Temel bilgi şudur ki, soykırım için ırkçı bir ideolojinin olması gibi bir ön şart yoktur. Irkçılık belki bir soykırımda bir motif olabilir ama soykırımlar başka saiklerle de gündeme gelir. Aslında 1948 sözleşmesinde Kanun Yapıcı (Birleşmiş Milletler), motif(ler)in suçun oluşmasında belirleyici olmadığını açık olarak belirtmiş ve motif unsuruna suç tanımlamasında yer vermemişti. Eğer kanunda suçun hangi motiflerle yapılması gerektiği sayılırsa, ilerde soykırım suçunu işleyen devletlerin, “Biz kanunda yazılan motiflerle değil başka motiflerle hareket ettik” diyerek suçu inkâr etmeleri mümkündü. Sorunu fark eden kanun yapıcılar, bu nedenle motif – saik konusunu suç tanımının dışına çıkartmışlardı. Kural, hangi motifle yapılıyor olursa olsun, bir grubun grup olarak hedef alınmasıydı.[3]

Özetle, soykırım uluslararası (ve birçok ulusal) hukukta bir suç. Ve hukukçular, bu suçun oluşup oluşmadığına karar vermek için artık ne Holokost’a bakıyorlar ne de sadece 1948 sözleşmesine. Holokost elbette örneklerden birisi ama esas kaynak uluslararası hukuk metinleridir. Bugün özellikle Ruanda, Yugoslavya ve Kamboçya soykırım mahkemelerince alınan kararlar; Birleşmiş Milletler komisyonlarınca kabul edilen onlarca hukuki metin ve hukuk uzmanlarının yazılarından oluşan büyük bir külliyat oluşmuş durumda. Ayrıca sosyal bilimcilerin kavram üzerine yaptıkları tartışmalar, soykırım çalışmalarını başlı başına bir akademik alan haline dönüştürdü. Benzeri bir süreç Apartheid suçu etrafında yaşanacak veya yaşanmaktadır.
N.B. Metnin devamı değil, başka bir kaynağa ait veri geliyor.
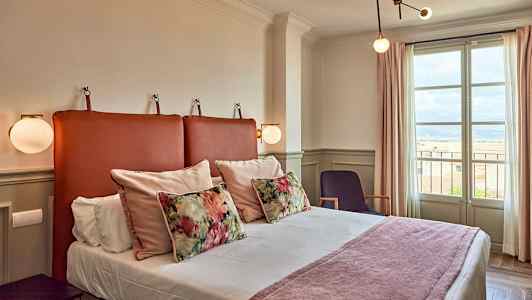 Et hotelværelse med en seng, dekorative puder og et vindue med udsigt. (AI-genereret tekst)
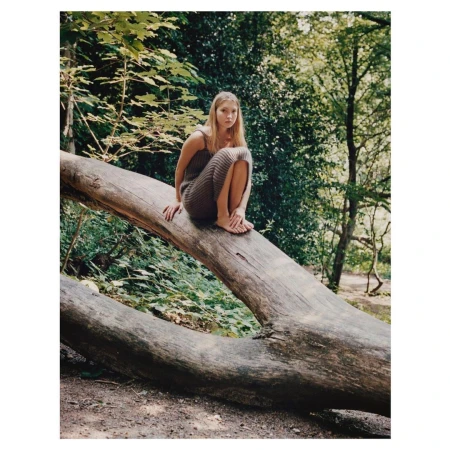 A blonde woman in a brown dress sits barefoot on a fallen tree in a green forest, gazing forward in a tranquil outdoor scene.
Uluslararası bir suç olarak Apartheid

Apartheid kavramı ilk önce Güney Afrika’da, 1930’larda ortaya çıktı ve 1948’de rejimin adı oldu. Bu nedenle, kavram kullanıldığında Güney Afrika’nın akla gelmesi son derece normal. Kavramın uluslararası hukuk boyutu ise pek bilinmiyor. Yukarda söylediğim gibi, uluslararası hukuka göre evrensel bir suç kategorisi olan Apartheid suçunun ilk Güney Afrika’da görülmüş olması dışında bu ülkeyle herhangi bir illiyet-nedensellik ilişkisi yok. Güney Afrika elbette bir örnek teşkil edebilir ama sadece bir örnek, o kadar… Bu nedenle, Apartheid kavramının bir suç olarak tanımlanması sürecini ve ilgili sözleşmeleri bilmek gerekiyor. Burada sınırlı bazı köşe taşlarına değineceğim.

Güney Afrika Apartheid rejimi önce Hindistan’ın girişimiyle, 1950’lerde Birleşmiş Milletler’in gündemine girdi ve1952’den 1990’a kadar her yıl Genel Kurul tarafından Birleşmiş Milletler Şartı’nın 55. ve 56. Maddelerine aykırı olduğu gerekçesiyle kınandı. 1960’lı yıllarda B.M. Güvenlik Konseyi de benzeri kararlar aldı. 1966 yılında Genel Kurul, Apartheid’ı insanlığa karşı işlenmiş bir suç olarak nitelendirdi. Bu önemli bir dönüm noktasıydı. Güvenlik Konseyi bu kararı 1984 yılında onayladı.[4]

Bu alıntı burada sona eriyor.